He told The Telegraph: “Politically, it’s a very difficult issue. Many people will say road pricing is inevitable. Personally, I don’t see why it should be any different to anything else.

“We pay for all our other infrastructure services as we use them.” He even proposed a more advanced system where drivers “could pay a different rate, per time of day, per type of road you were driving on, anywhere in the country and you just get a bill because it would all be monitored remotely.”

These comments came as the Government announced plans for a new 10-year national infrastructure strategy.

The financial strain on British drivers is becoming increasingly apparent. A survey by car finance lender Carmoolarevealed that 29 per cent of respondents have had to reduce their driving in 2024 due to escalating expenses.

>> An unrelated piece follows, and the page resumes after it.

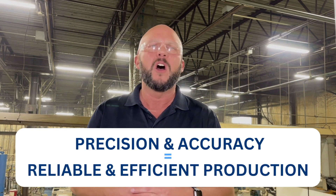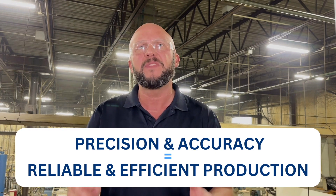In the world of machining, precision and accuracy are key elements for reliable and efficient production. Cylindrical grinding techniques are pivotal in the manufacturing of aerospace components to ensure perfect roundness and exacting specifications are achieved.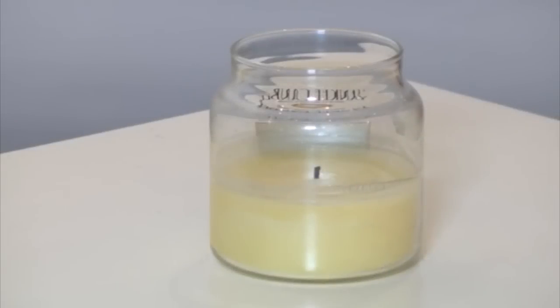Keep the wick trimmed to 1/8 of an inch at all times. The wick should be trimmed every four hours of burn time.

The situation is particularly dire for younger generations, with 30 per cent of 17 to 24-year-olds and 25 per cent of 35 to 44-year-olds indicating they are under financial pressure to sell their cars.

Aidan Rushby, founder and CEO of Carmoola, warned: “The news about the introduction of a pay-per-mile road tax could exacerbate this trend driving more motorists off the road.”

The potential impact is significant, with Carmoola suggesting that up to eight million cars, representing 20 per cent of the UK’s vehicle fleet, could be sold due to rising running costs.

The introduction of a pay-per-mile tax system could have far-reaching consequences, particularly for younger drivers and those in rural areas.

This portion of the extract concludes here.